The door creaked and he raised his head, wondering if the Warden’s man had decided to come back to pester him, but it was a different figure brought in by his wife.
“George.”
“You knew,” the elder Donnall simply said.
“Of course I did. Jo told me.”
“You knew, and you didn’t say.”
“You wanted to believe so much. What difference would it make?”
“…”
Bram shrugged.
“You still should have been there when they got married. I doubt even if he had really been untouched by that… thing in the ruins, he’d have let Laura go.”
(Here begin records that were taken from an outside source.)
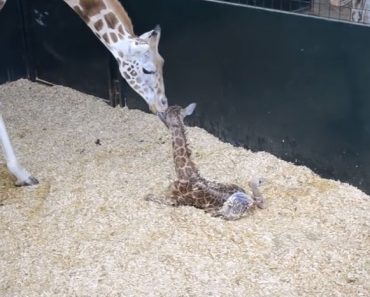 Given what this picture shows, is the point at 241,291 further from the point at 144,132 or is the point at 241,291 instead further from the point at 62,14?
the point at 62,14

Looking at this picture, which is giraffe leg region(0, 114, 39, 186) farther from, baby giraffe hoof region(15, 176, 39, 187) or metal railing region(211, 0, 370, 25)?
metal railing region(211, 0, 370, 25)

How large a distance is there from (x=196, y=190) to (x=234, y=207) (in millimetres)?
203

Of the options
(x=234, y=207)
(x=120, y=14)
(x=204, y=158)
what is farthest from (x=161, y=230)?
(x=120, y=14)

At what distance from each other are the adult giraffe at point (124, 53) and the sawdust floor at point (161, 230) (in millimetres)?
196

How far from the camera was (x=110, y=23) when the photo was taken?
12.4 ft

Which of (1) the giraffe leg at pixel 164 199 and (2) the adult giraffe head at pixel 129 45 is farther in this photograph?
(2) the adult giraffe head at pixel 129 45

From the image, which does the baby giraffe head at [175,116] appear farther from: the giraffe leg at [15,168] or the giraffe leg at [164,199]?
the giraffe leg at [15,168]

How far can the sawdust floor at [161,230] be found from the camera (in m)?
2.90

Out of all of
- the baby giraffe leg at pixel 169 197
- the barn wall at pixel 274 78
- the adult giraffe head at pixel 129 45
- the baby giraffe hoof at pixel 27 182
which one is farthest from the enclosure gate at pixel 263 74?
the baby giraffe hoof at pixel 27 182

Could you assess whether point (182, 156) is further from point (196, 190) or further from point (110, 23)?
point (110, 23)

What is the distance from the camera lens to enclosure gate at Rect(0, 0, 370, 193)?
3.59m

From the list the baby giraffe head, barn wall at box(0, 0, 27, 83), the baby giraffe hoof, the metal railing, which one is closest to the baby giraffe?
the baby giraffe head

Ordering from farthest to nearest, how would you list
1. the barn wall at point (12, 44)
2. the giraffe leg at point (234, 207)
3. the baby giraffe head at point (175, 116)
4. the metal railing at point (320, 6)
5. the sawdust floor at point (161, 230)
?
the barn wall at point (12, 44)
the metal railing at point (320, 6)
the baby giraffe head at point (175, 116)
the giraffe leg at point (234, 207)
the sawdust floor at point (161, 230)

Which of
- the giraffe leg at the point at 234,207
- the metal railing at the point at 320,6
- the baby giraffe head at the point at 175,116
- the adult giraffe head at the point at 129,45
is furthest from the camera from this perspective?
the metal railing at the point at 320,6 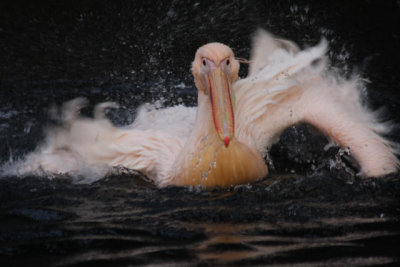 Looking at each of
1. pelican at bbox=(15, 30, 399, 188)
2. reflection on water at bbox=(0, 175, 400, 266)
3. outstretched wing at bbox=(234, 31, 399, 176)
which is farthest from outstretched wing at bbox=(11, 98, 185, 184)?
outstretched wing at bbox=(234, 31, 399, 176)

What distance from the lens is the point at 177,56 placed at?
653 cm

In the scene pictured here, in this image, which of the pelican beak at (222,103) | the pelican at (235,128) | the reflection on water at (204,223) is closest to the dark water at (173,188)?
the reflection on water at (204,223)

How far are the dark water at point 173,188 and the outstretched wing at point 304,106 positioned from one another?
198mm

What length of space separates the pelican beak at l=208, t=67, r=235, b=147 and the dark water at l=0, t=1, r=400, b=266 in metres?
0.38

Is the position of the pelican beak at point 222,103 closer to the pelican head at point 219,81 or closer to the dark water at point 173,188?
the pelican head at point 219,81

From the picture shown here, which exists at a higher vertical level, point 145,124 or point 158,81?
point 158,81

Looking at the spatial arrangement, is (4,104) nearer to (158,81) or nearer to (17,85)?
(17,85)

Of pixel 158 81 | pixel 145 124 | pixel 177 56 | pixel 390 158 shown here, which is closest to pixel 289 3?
pixel 177 56

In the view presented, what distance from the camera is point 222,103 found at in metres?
3.33

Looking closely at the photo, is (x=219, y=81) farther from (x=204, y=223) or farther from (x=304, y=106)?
(x=304, y=106)

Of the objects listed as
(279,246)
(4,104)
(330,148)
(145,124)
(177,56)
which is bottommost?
(279,246)

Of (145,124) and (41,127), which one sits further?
(41,127)

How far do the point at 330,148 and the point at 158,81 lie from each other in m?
2.42

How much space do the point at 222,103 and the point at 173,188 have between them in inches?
25.0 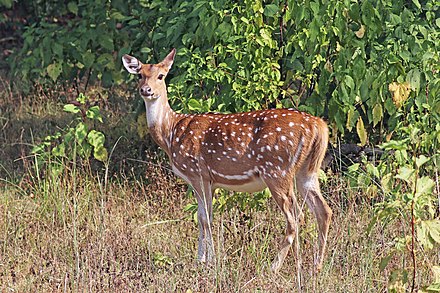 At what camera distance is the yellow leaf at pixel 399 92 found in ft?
23.9

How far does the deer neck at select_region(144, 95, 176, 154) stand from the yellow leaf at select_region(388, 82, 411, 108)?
5.33ft

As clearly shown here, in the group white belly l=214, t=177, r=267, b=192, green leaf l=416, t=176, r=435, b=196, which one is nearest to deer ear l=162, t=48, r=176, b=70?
white belly l=214, t=177, r=267, b=192

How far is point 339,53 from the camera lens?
782cm

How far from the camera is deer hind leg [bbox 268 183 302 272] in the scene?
678 centimetres

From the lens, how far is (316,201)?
7.01 m

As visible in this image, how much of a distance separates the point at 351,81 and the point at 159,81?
4.73ft

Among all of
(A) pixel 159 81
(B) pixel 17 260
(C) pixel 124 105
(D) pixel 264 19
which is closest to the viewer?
(B) pixel 17 260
“Did you see how much they put as a bounty? Did you? Fifty. Fifty thousand fuckin’ dollars. Dead.”
Bram sucked in some air. He hadn’t seen the bounties. The men that had come said there were, but.
“That’s… a big amount.”
“Not kidding. That Agnello man, he said Peter killed the captain they’d sent after him. Cut him down, using his cursed Talents.”
“George…”
“If I could tell them how and why, maybe they’d just call for an arrest and a proper judgment if there were mitigating circumstances. He’d get life instead of being hunted.”
“And you believe him, George?”
“No,” the whisper came.
The two men were silent. Then Bram sighed.
“That bounty stuff reminds me. I really need to get to Valetta tomorrow.”
“Uh?”
“Talking with that lawyer about the house. Finding out how to pay the last bits. That money that the merchant owes, it’s been put on hold. The Warden’s men keep saying different things about it.”
“What difference does it make?”
“The house will be there when they come back,” Bram said.
“As if.”
“The man let escape that Jo was now literally firing bolts of fire before she deserted. Do you really think it will stop there?”